- Genre: Interview/discussion
- Directed by: Paytrick Fay
- Starring: Jack Wyatt
- Country of origin: United States
- Original language: English
- No. of seasons: 1

Production
- Running time: 30 mins.

Original release
- Network: WFAA (1957–1958) ABC (1958––1959)
- Release: 1957 – January 13, 1959

= Confession (American TV series) =

Confession is an American interview television series. Hosted by Jack Wyatt, the show explored the root causes of crime and possible ways of addressing them. The series aired locally in the Dallas, Texas, area beginning early in 1957 and nationally on ABC during the summer of 1958 and the 1958–1959 television season.

==Synopsis==
In each episode, host Jack Wyatt interviews a convicted criminal who has been vetted and approved by local police officials, discussing his or her crimes and reasons for committing them. After the interview, Wyatt moderates a discussion by a panel which includes a lawyer, a member of the clergy, either a psychiatrist or a psychologist, and either a penologist or a sociologist, during which the panelists analyze the interview and suggest ways of reforming the criminal.

==Production==

Patrick Fay directed Confession, which began as a live local program in Dallas, Texas, broadcast from the studios of WFAA. With relatively few network shows to broadcast during prime time during the late 1950s, ABC picked up the show for network broadcast to help fill out its schedule during the summer of 1958, and continued to broadcast it during the first half of the 1958–1959 season. Episodes for ABC were videotaped at WFAA.
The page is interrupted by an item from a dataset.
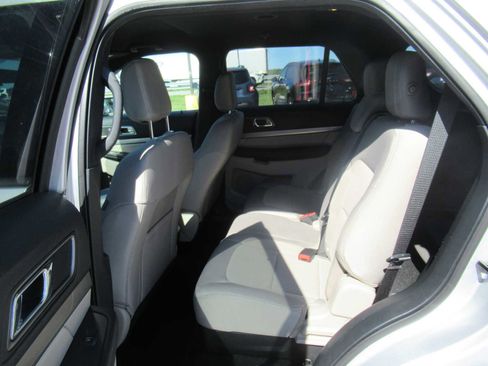 Used 2018 Ford Explorer XLT AWD/4WD image 18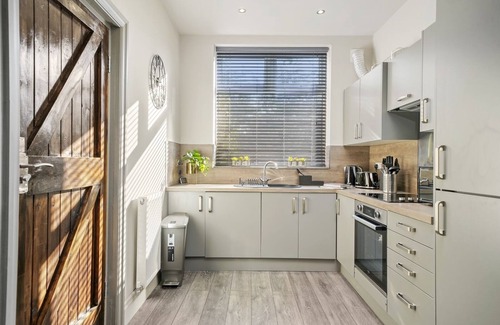 Golborne Cottage | Experience Desert Orchid Cottage with Top Amenities & Ratings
Although its live local broadcasts in Dallas prior to its ABC run commonly prompted a flood of telephoned complaints to WFAA after each episode, the little-watched series managed to avoid some of the strict censorship that constrained the content of most other television shows of the 1950s. This allowed it to cover a variety of topics rarely permitted on the air by censors and sponsors of the era, including the crimes of drug addicts, prostitutes, sex offenders, and murderers. In one of its more notable 1957 episodes, Darrell Wayne Kahler, a 22-year-old male transvestite arrested for vagrancy while drunk, dressed as a woman, and being molested by three men, discussed his dysfunctional upbringing, his heavy use of alcohol and cigarettes, and his work as a "B girl" at a nightclub, and police allowed him to dress in a black cocktail dress to reenact his arrest for Wyatt's interview. The Kahler episode brought the show to national attention and prompted ABC to pick it up for network broadcast.

==Broadcast history==

Confession premiered as a local program on WFAA in Dallas, Texas, in early 1957. It began its national run on ABC on June 19, 1958, airing on Thursdays at 10:00 p.m. Eastern Time until September 1958, when it moved to Tuesday at 10:00 p.m. Eastern Time. The show faced stiff competition on both NBC and CBS, and it was cancelled at mid-season. Its last episode was broadcast on January 13, 1959. Alcoa Presents: One Step Beyond replaced it in ABC's schedule.